Священникъ продолжалъ:

— Извините только за обстановку… Нѣтъ у насъ этого, какъ въ господскихъ домахъ… А запросто… Ужъ не обезсудьте. Докторъ знаетъ… Онъ у насъ свой человѣкъ… А я вотъ къ Леониду Платонычу обращаюсь…

— Что вы, батюшка… Мнѣ даже совѣстно, что вы съ такими извинениями… — пробормоталъ Сухумовъ.

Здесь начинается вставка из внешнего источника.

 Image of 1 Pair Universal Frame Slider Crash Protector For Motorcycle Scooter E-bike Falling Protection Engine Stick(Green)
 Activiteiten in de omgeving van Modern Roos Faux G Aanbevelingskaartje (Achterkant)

— Нѣтъ, я къ тому, что вѣдь вы привыкли на просторѣ, а у насъ тѣснота. Домъ маленький, да и не для меня одного, а и для дьякона, который здѣсь на причетниковскомъ окладѣ… Вотъ все тутъ… У насъ нѣтъ даже столовой комнаты отдѣльной, а отгорожена она альковомъ отъ нашей спальни… Есть у меня кабинетикъ въ одно окно, но такая каморка, что двухъ кроватей и поставить нельзя. Тѣсно живемъ, очень тѣсно… Полъ-комнаты, кромѣ того, тесть отнимаетъ. Дѣтская у насъ разгорожена. Въ одной половинѣ дѣти съ племянницей спятъ, въ другой — тесть за перегородкой. Племянницу еще сироту, помимо тестя старика, содержу… А всего четыре комнаты да кухня… Ну, въ кухнѣ-то ужъ, кромѣ работницы, никого… А всего восемь ртовъ… Восемь ртовъ накормить надо.

Священникъ тяжело вздохнулъ и умолкъ. Всѣ сидѣли на креслахъ около переддиваннаго стола съ лампой и курили. Докторъ поднялся и сказалъ:

— Пойду и посмотрю вашихъ ребятишекъ. Ну, что опухшия железы у старшаго? Поддались растиранию? Всосалась опухоль?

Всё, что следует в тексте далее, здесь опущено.